At the risk of being offensive, you, ahhh... really ought to understand why that's the result too, without too much effort... or you really shouldn't be writing a Monad tutorial. Ahem.

In particular:

• Many putative monadic computation solutions only work with a "container" that contains zero or one elements, and therefore do not work on lists. >>= is allowed to call its second argument (a -> m b) an arbitrary number of times. It may be once, it may be dozens, it may be none. If you can't do that, you don't have a monadic computation.
• A monadic computation has the ability to examine the intermediate results of the computation, and make decisions, as shown by the if statement. If you can't do that, you don't have a monadic computation.
• In statically-typed languages, the type of the inner value is not determined by the incoming argument. It's a -> m b, not a -> m a, which is quite different. Note how x and y are of different types.
• The monadic computation builds up a namespace as it goes along; note we determine x, then somewhat later use it in the return, regardless of which branch we go down, and in both cases, we do not use it right away. Many putative implementations end up with a pipeline, where each stage can use the previous stage's values, but can not refer back to values before that.
• Monads are not "about effects". The monadic computation I show above is in fact perfectly pure, in every sense of the term. And yes, in practice monad notation is used this way in real Haskell all the time, it isn't just an incidental side-effect.
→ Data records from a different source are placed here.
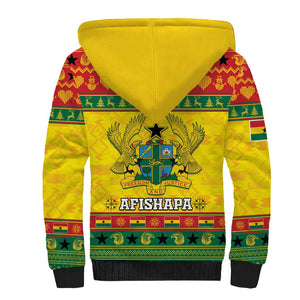 Afro Ghana Christmas Sherpa Hoodie Coat Of Arms - Kente Pattern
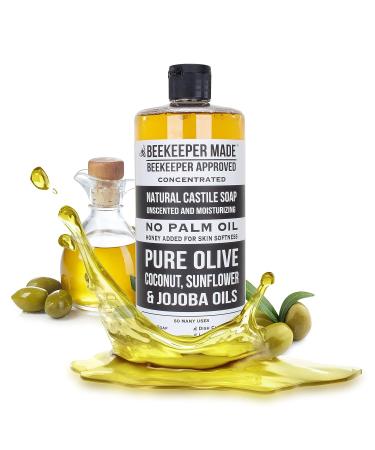 Beekeeper Made Natural Castile Soap | 32 fl oz | Palm Oil Free | 8 Ingredients | Olive, Coconut & Sunflower Oils | GMO Free | For Sensitive Skin | Lavender Scent | Made in USA - Buy Online on GoSupps.com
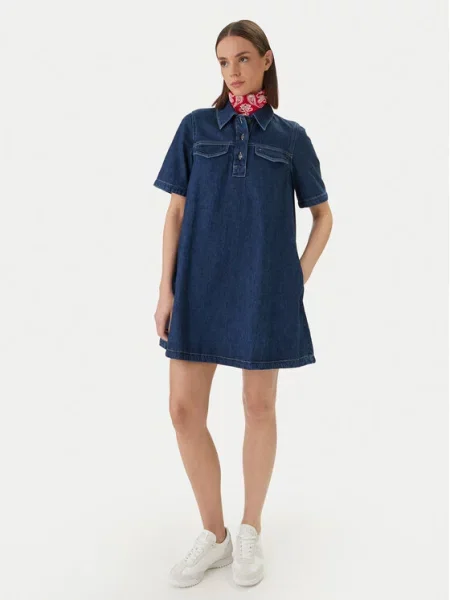 Tommy Jeans Jeans obleka Mornarsko modra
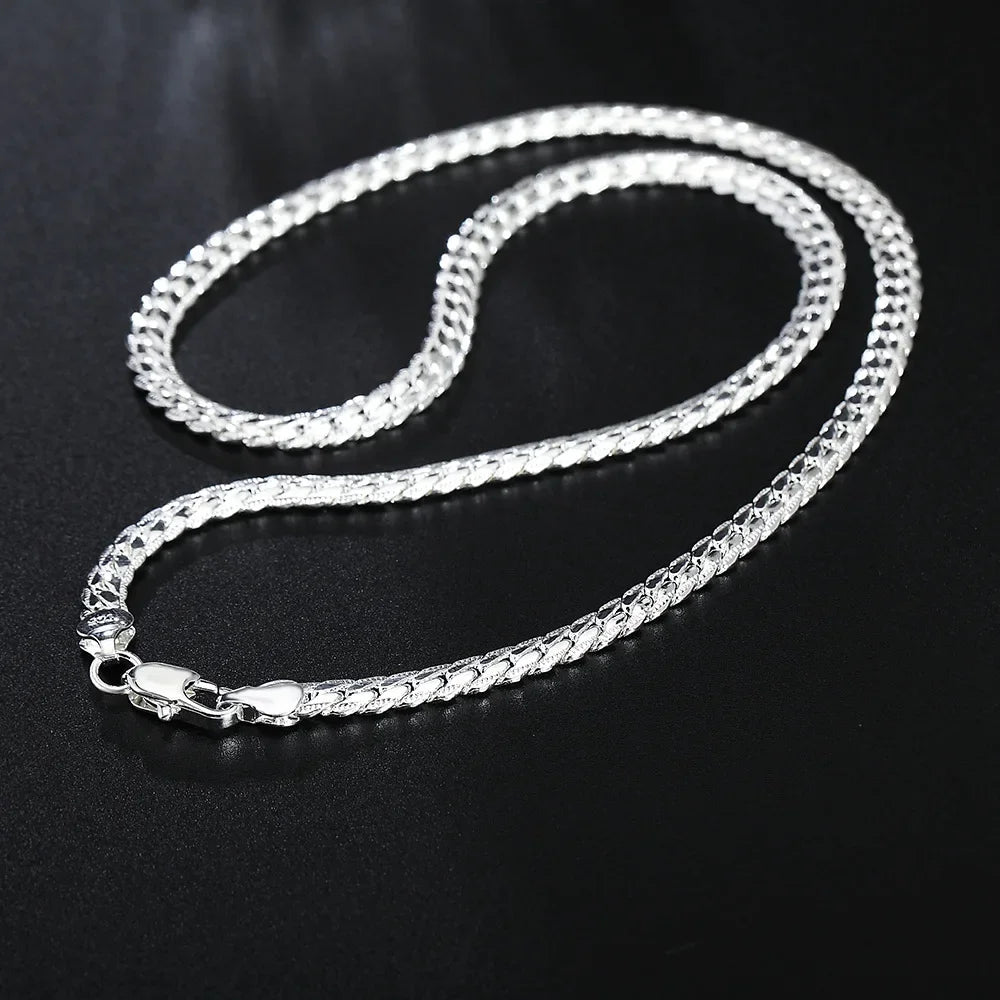 LATS 20-60cm Silver Plated 6mm Full Sideways Necklace for Woman Men Gold Color 18/20/24 Inch Chain Fashion Wedding Jewelry Gift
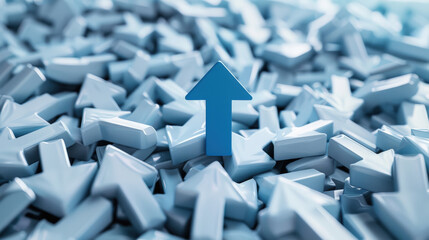 Upward Blue Arrow Standing Out Among Many Arrow 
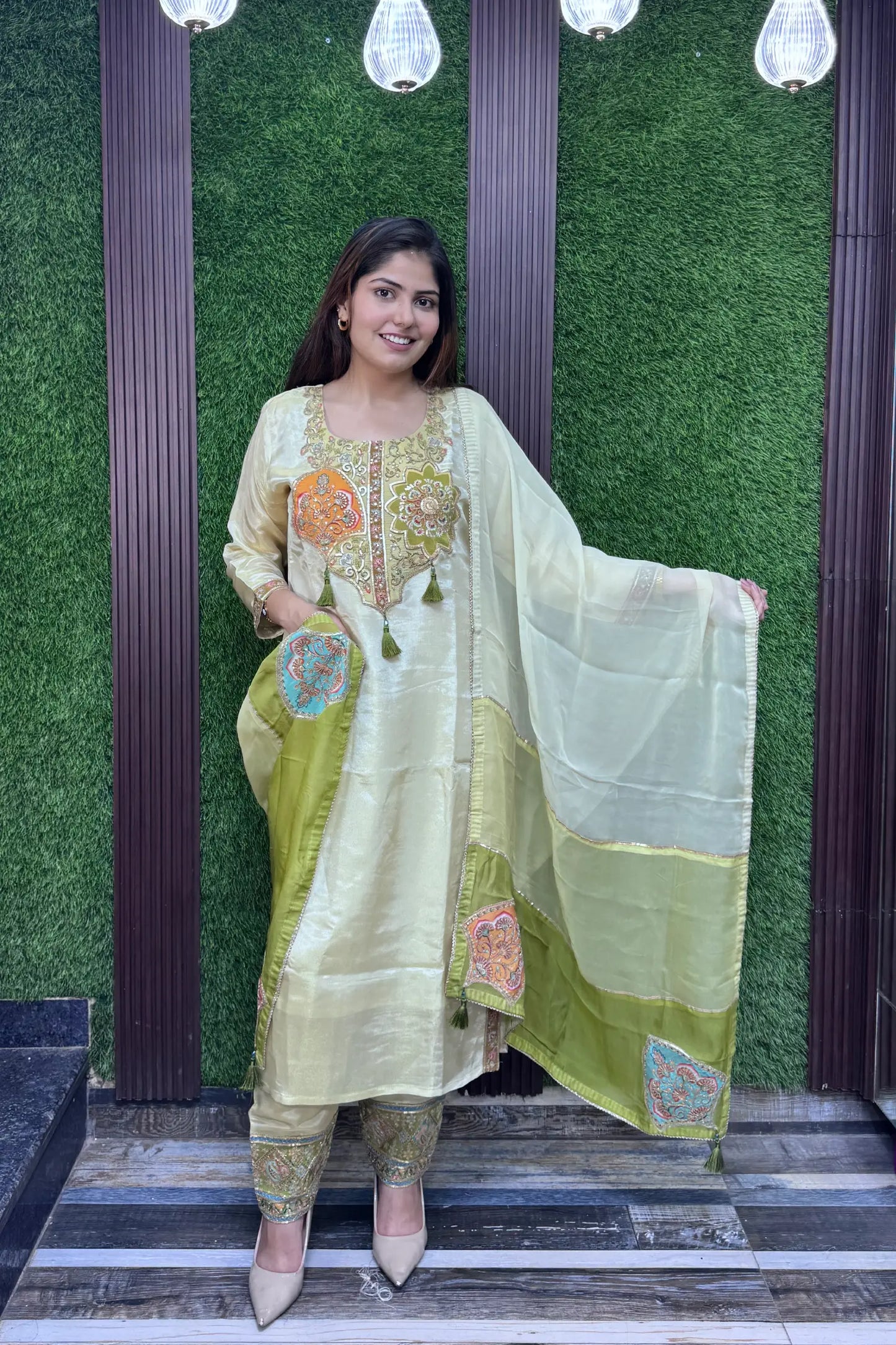 Shimmer Tissue Straight Suit with Multi Embroidered Organza Dupatta
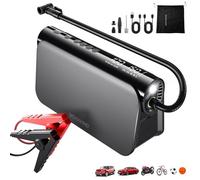 Woowind Compresseur d'Air Gonfleur de Pneus pour Voiture, 150PSI avec Alimentation de Démarrage d'Urgence, Fonction d'Arrêt Automatique et Lampe LED, Pompe à Air Portable avec Manomètre, Ensemble d'Ad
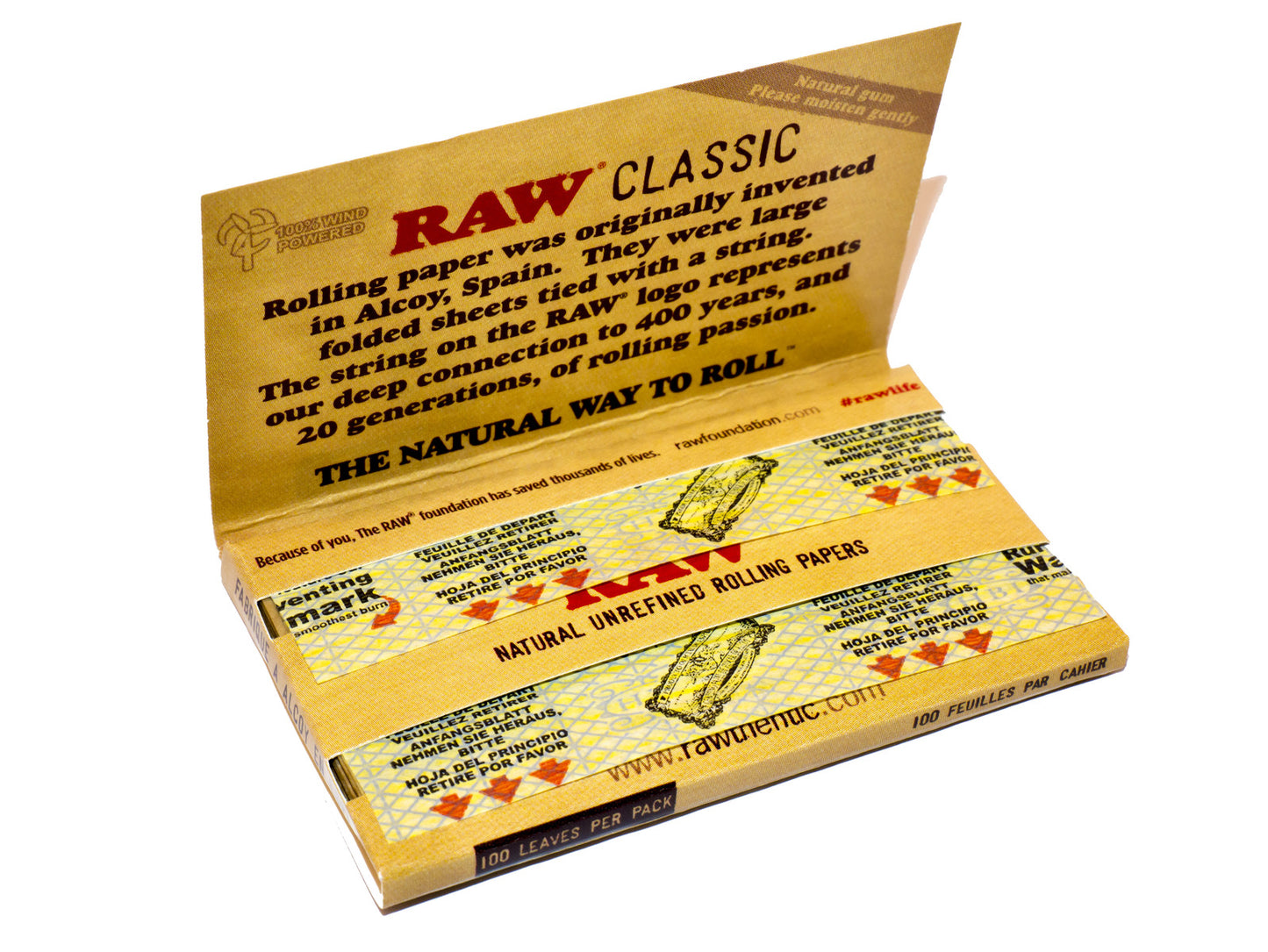 RAW Classic Single Wide Rolling Papers Double (100 Leaves)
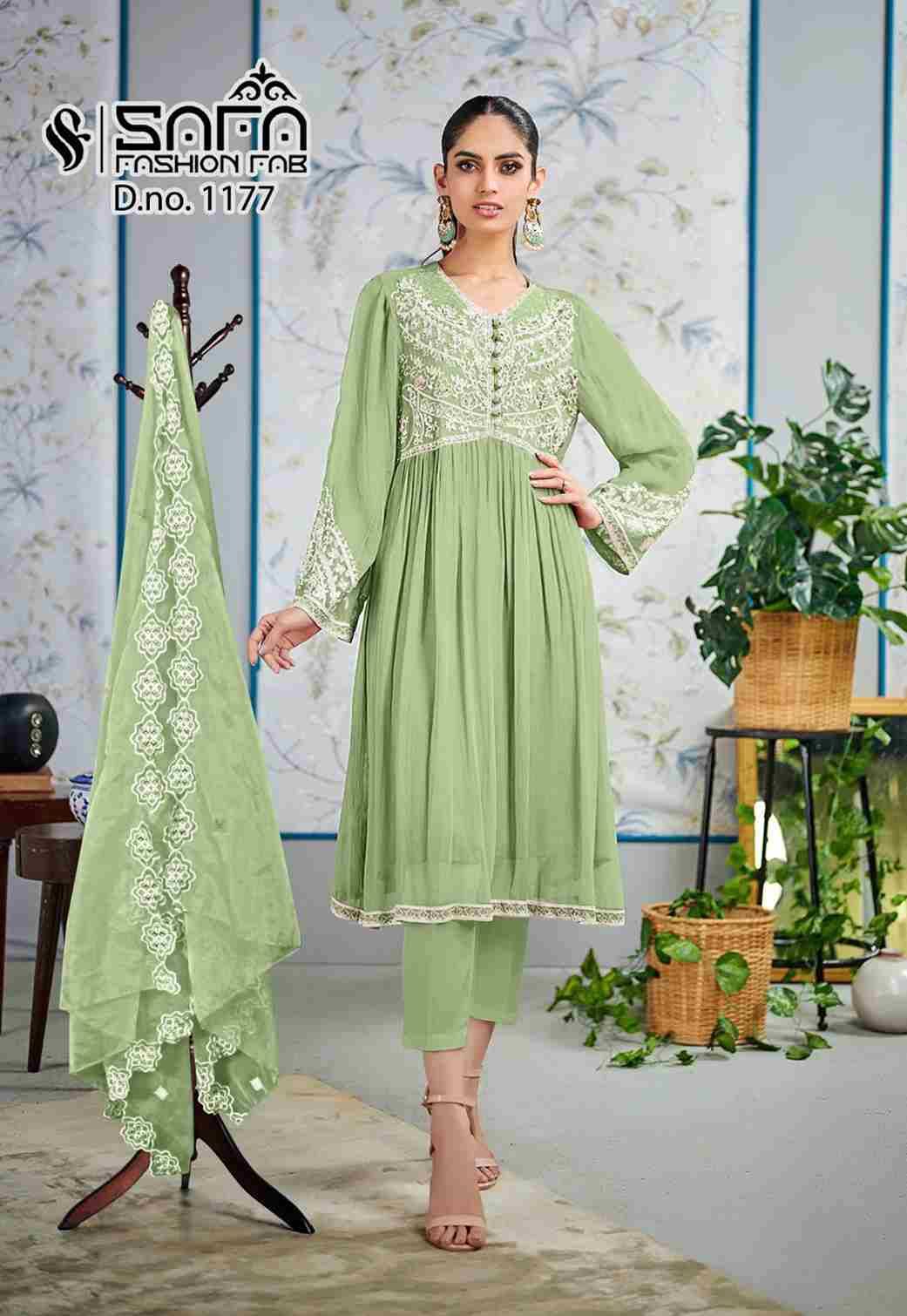 Safa 1177 Colours By Safa Fashion 1177-A To 1177-C Series Beautiful Stylish Pakistani Suits Fancy Colorful Casual Wear & Ethnic Wear & Ready To Wear Heavy Georgette Embroidered Dresses At Wholesale Price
A common misconception is that you can implement this in Javascript or similar languages using "method chaining". I do not believe this is possible; for monadic computations to work in Javascript at all, you must be nesting functions within calls to bind within functions within calls to bind... basically, it's impossibly inconvenient to use monadic computations in Javascript, and a number of other languages. A mere implementation of method chaining is not "monadic", and libraries that use method chaining are not "monadic" (unless they really do implement the rest of what it takes to be a monad, but I've so far never seen one).

If you can translate the above code correctly, and obtain the correct result, I don't guarantee that you have a proper monadic computation, but if you've got a bind or a join function with the right type signatures, and you can do the above, you're probably at least on the right track. This is the approximately minimal example that a putative implementation of a monadic computation ought to be able to do.